ロキシー・ミュージックって、何だか得体のしれないバンドというイメージです。グラムロックの一派とされたブライアン・イーノがいた時期から、紆余曲折を経て80年代の【アヴァロン】に至るまで、リアルタイムで通って来なかったこともあって、どうも私には捉え所がなく取っ付きづらい印象…。

一度キチンと腰を据えて聴いてみようと、新宿TSUTAYAにあるロキシーのCDを全部纏めて借りたことがあるのですが、そこでようやく分かったこと。日本では積極的に紹介されなかった(と思われる)70年代半ばの作品が意外と味わい深いのです。私はブライアン・フェリーがダンディだとは一度も思ったことはないですが(笑)、華麗なロックバンドだったこの頃のロキシーは魅力的です。

本作はロキシー・ミュージックの5作目。
まずはオープニング曲で、彼ら初の全米ヒット(30位)となった "Love Is the Drug" (恋はドラッグ)です。

足音、車が走り出して行くSEに続いて、R&B調のビートで曲はスタート。

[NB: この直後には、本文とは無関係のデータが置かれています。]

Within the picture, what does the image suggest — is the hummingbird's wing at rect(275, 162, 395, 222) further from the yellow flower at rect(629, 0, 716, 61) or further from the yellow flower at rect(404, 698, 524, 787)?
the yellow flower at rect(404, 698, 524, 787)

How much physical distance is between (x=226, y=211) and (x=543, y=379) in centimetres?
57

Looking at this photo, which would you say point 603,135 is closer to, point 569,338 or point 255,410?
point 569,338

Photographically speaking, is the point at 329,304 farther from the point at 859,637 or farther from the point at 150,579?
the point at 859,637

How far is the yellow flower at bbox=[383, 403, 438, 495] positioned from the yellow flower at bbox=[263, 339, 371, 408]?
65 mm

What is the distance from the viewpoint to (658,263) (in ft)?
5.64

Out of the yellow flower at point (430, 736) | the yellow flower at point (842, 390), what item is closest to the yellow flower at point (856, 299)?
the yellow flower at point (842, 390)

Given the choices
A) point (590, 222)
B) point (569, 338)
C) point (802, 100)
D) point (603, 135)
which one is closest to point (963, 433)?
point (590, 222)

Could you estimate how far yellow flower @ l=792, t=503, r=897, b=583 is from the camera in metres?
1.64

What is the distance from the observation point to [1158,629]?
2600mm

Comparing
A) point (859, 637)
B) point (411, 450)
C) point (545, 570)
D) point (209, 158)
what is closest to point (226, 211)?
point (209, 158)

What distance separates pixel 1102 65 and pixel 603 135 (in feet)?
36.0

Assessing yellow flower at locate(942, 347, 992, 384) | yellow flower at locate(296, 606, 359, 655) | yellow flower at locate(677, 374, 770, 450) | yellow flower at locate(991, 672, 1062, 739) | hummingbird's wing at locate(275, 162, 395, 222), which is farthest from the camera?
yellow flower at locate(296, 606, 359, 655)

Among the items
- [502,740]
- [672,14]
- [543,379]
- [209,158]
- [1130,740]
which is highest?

スカスカな乾いた音でメロディも至って単調。ブライアン・フェリーって気の抜けたような歌い方なんですよね。そして取って付けたような分かり易いサビは、♪oh〜oh〜恋は麻薬〜…。普通はキザで歌えません笑。ロキシーらしい美意識とチープさがミックスされて、私はこれ、一度聴くとクセになるんです。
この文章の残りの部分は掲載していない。